TARANTO - «Non avevo alcuna intenzione di interferire nella vita privata delle colleghe: c’è un motivo se ho posizionato la telecamera nel bagno, ma spiegherò tutto non appena avremo raccolto tutti gli elementi per chiarire la situazione». È quanto, in estrema sintesi, ha sostenuto l’ex direttore dell’ufficio postale di Taranto finito agli arresti domiciliari il 27 giugno scorso con l’accusa di aver filmato le dipendenti con una microcamera nascosta nei servizi igienici. Per quasi due ore, accompagnato dal suo difensore, l’avvocato Luigi Semeraro, ha risposto alle domande del gip Francesco Maccagnano e ha negato fermamente di aver sistemato il dispositivo con l’obiettivo di catturare le immagini per fini di perverso piacere: secondo la versione dall’indagato, infatti, il fatto che in quelle riprese fosse chiaramente visibile il suo volto e persino il suo tesserino lavorativo è la prova che l’uomo voleva essere riconosciuto perchè nessuno dubitasse della finalità di quella azione. In sostanza se non avesse voluto farsi riconoscere avrebbe fatto in modo di non essere mai inquadrato. Una tesi e una serie di spiegazioni che secondo l’avvocato Semeraro ha significativamente ridimensionato la vicenda: il legale ora sta valutando se depositare un’istanza di revoca degli arresti domiciliari oppure ricorrere al Tribunale del Riesame. Al momento, quindi, l’ex direttore resta ai domiciliari.
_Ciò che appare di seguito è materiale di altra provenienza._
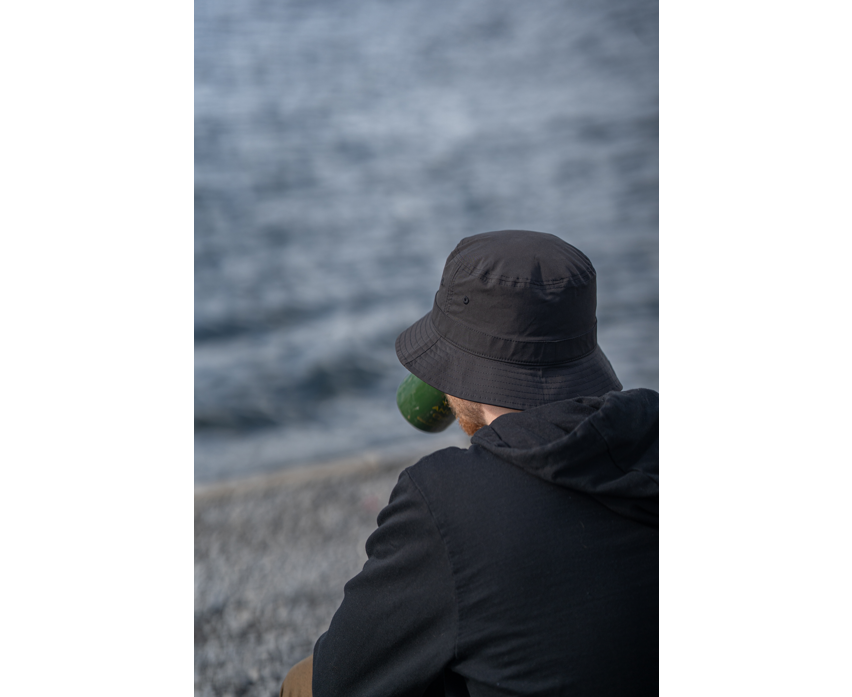 Gorro Avid Carp Stealth Negro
Come raccontato dalla Gazzetta nei giorni scorsi, la vicenda è iniziata poco più di un anno fa, a marzo 2022, quando una dipendente che aveva utilizzato il bagno riservato alle donne e mentre si apprestava a uscire si era accorta della presenza del dispositivo nascosto in un contenitore: scossa da quella scoperta aveva prelevato la videocamera ritrovando anche un cavo che la collegava a una batteria. Dopo averne parlato a una collega e aver scaricato i video contenuti su una scheda di memoria inserita nella videocamera, si erano accorte che ce n’era uno che immortalava proprio l’allora direttore nell’atto di sistemare quella telecamera. Nel confronto con lui, l’uomo aveva sostenuto di aver in passato individuato la telecamera e averla riposizionata per potere pizzicare il vero autore di quella attività, ma qle spiegazioni non avevano convinto le donne che si sono rivolte alla Guardia di finanza di Taranto per denunciare l’accaduto. Le fiamme gialle, coordinate dal pubblico ministero Mariano Buccoliero, avevano effettuato qualche settimana più tardi una perquisizione sequestrando il computer e il telefono dell’uomo. Sul portatile avevano ritrovato, grazie a un programma che permette di recuperare i file cancellati, una decina di video e circa 120mila fotogrammi, di altri video, che l'uomo aveva provato a far sparire. Nella tarda mattinata di ieri l’uomo ha negato anche quella cancellazione fosse una «bonifica» come l’hanno ritenuta gli inquirenti.
I finanzieri però hanno ritrovato anche altri video fatti in ambienti esterni a quelli dell’ufficio postale. Anche su questo punto l’uomo ha sostenuto di voler chiarire tutto non appena sarà il momento.